Tribal environmental governance in the Cherokee Nation today is characterized by a complex interplay among community, bureaucracy, and knowledge. The Cherokee Nation is one of the largest American Indian nations by population, and possesses a tripartite government that has operated free of federal oversight since 1971. Although the government has its roots in the historic 1827 Cherokee constitution that in many ways successfully melded "traditional" forms of governance with a state structure, the Cherokee Nation is struggling to reconcile its modern governance structure with the numerous cohesive communities that make up the tribal nation's cultural base. This situation is acutely illustrated in current tribal environmental projects. Despite the Cherokee Nation's sophisticated environmental programs that have been functioning under tribal control since the 1990s, only recently have initiatives attempted to fill the "culture gap" that exists between tribal environmental policy and Cherokee environmental knowledge and practices.

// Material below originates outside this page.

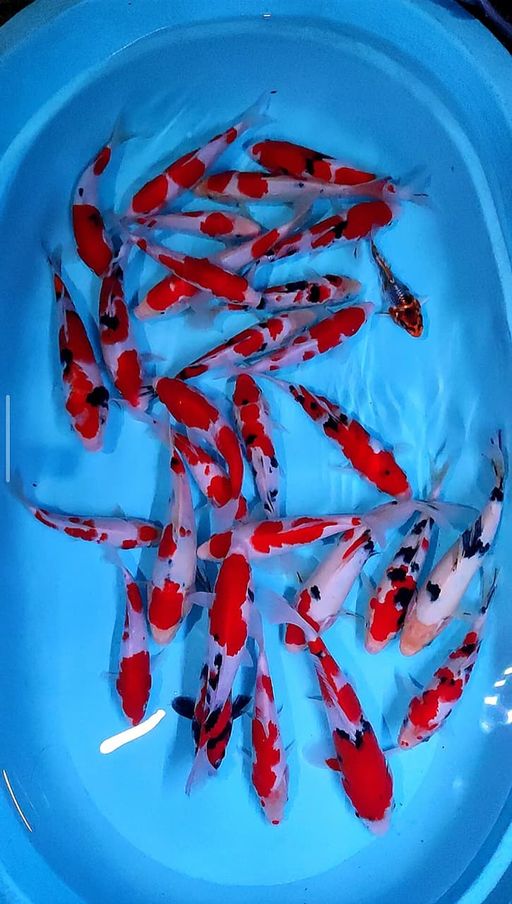 Lelang Koi Online, Jual Beli Ikan Koi, Pusat Jual Beli Koi, Info Lelang Koi Hari Ini, Platform Jual Beli Koi, Jual Beli Ikan Koi Online, Marketplace Ikan Koi, Jual Koi Terbaik, Tempat Beli Koi Berkualitas, Pasar Ikan Koi Online Terpercaya, Penjual Ikan Koi Terpercaya, Beli Koi Hias Online, Ikan Koi untuk Dijual, Koi Kualitas Terbaik, Toko Online Ikan Koi, Koi Hias Untuk Dijual, Jual Beli Ikan Koi Lokal, Koi Indonesia Online, Pusat Jual Beli Koi Terbesar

This dissertation addresses these issues through the study of one such initiative. Using ethnographic methods, I follow a tribally-funded ethnobotany project that began in 2004 and has developed into a unique and productive collaboration between a group of Cherokee elders, a Cherokee community non-profit organization, and the Cherokee Nation Natural Resources Department. The formation of this group represents a significant connection between government and community, especially because of its focus on knowledge that is deemed sacred and rarely discussed openly. The conditions of the first group meeting - held outdoors, around a fire at a secluded and wooded meeting space (as opposed to a stark conference room at the tribal complex) - speak to its success as an ongoing initiative, and illuminate changing perspectives on knowledge and authority within the tribal government. I propose that these changing perspectives are brought about through a persistent but fluctuating balancing act between Cherokee communities and their formal, centralized governance structures.

Whereas Cherokee society resists centralization, it nonetheless relies on a central government to present a representative body that can confront external political pressures. In tracing Cherokee political history, along with environmental histories of resource politics and Cherokee ecological knowledge, I arrive at conclusions about tribal bureaucracy, state formation, and the epistemological and political issues of incorporating traditional knowledge into tribal environmental programs. I assert that tribal environmental policy is enhanced when it is approached through sincere collaborative cultural projects like the ethnobotany initiative discussed above. Furthermore, while I acknowledge the problems with imposed forms of political organization in tribal communities, I argue that Cherokee (and, by extension, indigenous) engagement with dominant political structures can articulate new forms that offer the possibility of undermining the forces of colonialism while speaking its language - making use of state structures like bureaucracy, constitutional governments, and environmental policy, while nurturing community, cultural protocol, and traditional knowledge. These new articulations have the potential to transform how we think about global politics, and to offer different standards of governance that are not based in the philosophies of imperial states or centered on imperial control.